• Task brief: Please give back the listing below in full. Change nothing.

• Material provided:
[Start of section]

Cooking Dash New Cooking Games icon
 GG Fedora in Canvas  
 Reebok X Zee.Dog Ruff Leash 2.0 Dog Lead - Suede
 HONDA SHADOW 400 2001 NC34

[End of section]

• Reply:
Cooking Dash New Cooking Games icon
 GG Fedora in Canvas  
 Reebok X Zee.Dog Ruff Leash 2.0 Dog Lead - Suede
 HONDA SHADOW 400 2001 NC34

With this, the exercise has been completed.